As indicated in the diagram, Box 1 has 1 red ball and three white balls and Box 2 has 2 red balls and 2 white balls. The example involves a sequence of two steps. In the first step (the green arrow in the above diagram), a box is randomly chosen from two boxes. In the second step (the blue arrow), a ball is randomly selected from the chosen box. We assume that the identity of the chosen box is unknown to the participants of this random experiment (e.g. suppose the two boxes are identical in appearance and a box is chosen by your friend and its identity is kept from you). Since a box is chosen at random, it is easy to see that P(B_1)=P(B_2)=0.5.

The example involves conditional probabilities. Some of the conditional probabilities are natural and are easy to see. For example, if the chosen box is Box 1, it is clear that the probability of selecting a red ball is \displaystyle \frac{1}{4}, i.e. \displaystyle P(R \lvert B_1)=\frac{1}{4}. Likewise, the conditional probability P(R \lvert B_2) is \displaystyle \frac{2}{4}. These two conditional probabilities are “forward” conditional probabilities since the events R \lvert B_1 and R \lvert B_2 occur in a natural chronological order.

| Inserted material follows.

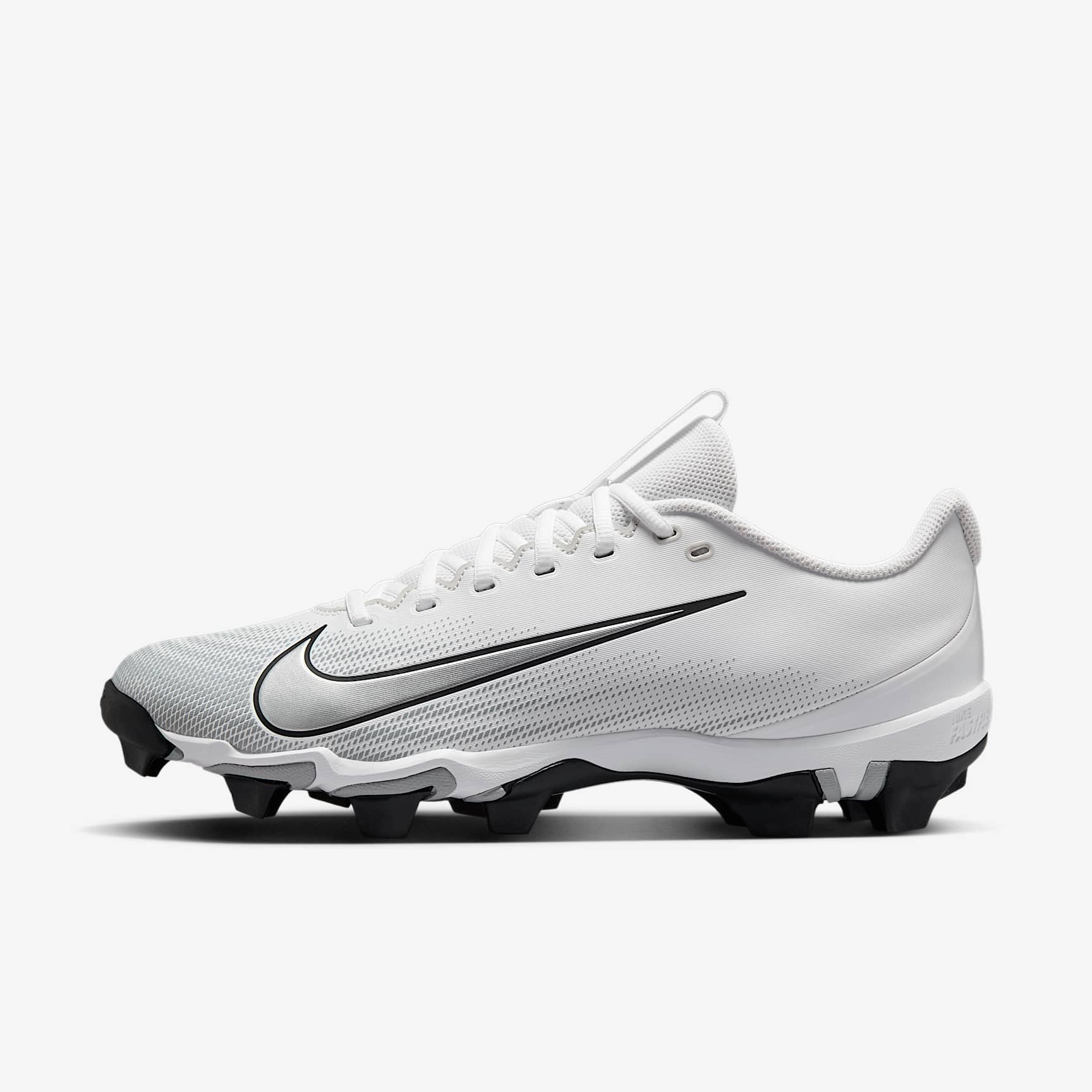 Nike Vapor Shark 3 Football Cleats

What about the reversed conditional probabilities P(B_1 \lvert R) and P(B_2 \lvert R)? In other words, if the selected ball from the unknown box (unknown to you) is red, what is the probability that the ball is from Box 1?

The above question seems a little backward. After the box is randomly chosen, it is fixed (though the identity is unknown to you). Since it is fixed, shouldn’t the probability that the box being Box 1 is \displaystyle \frac{1}{2}? Since the box is already chosen, how can the identity of the box be influenced by the color of the ball selected from it? The answer is of course no.

We should not look at the chronological sequence of events. Instead, the key to understanding the example is through performing the random experiment repeatedly. Think of the experiment of choosing one box and then selecting one ball from the chosen box. Focus only on the trials that result in a red ball. For the result to be a red ball, we need to get either Box 1/ Red or Box 2/Red. Compute the probabilities of these two cases. Then add these two probabilities, we will obtain the probability that the selected ball is red. The following diagram illustrates this calculation.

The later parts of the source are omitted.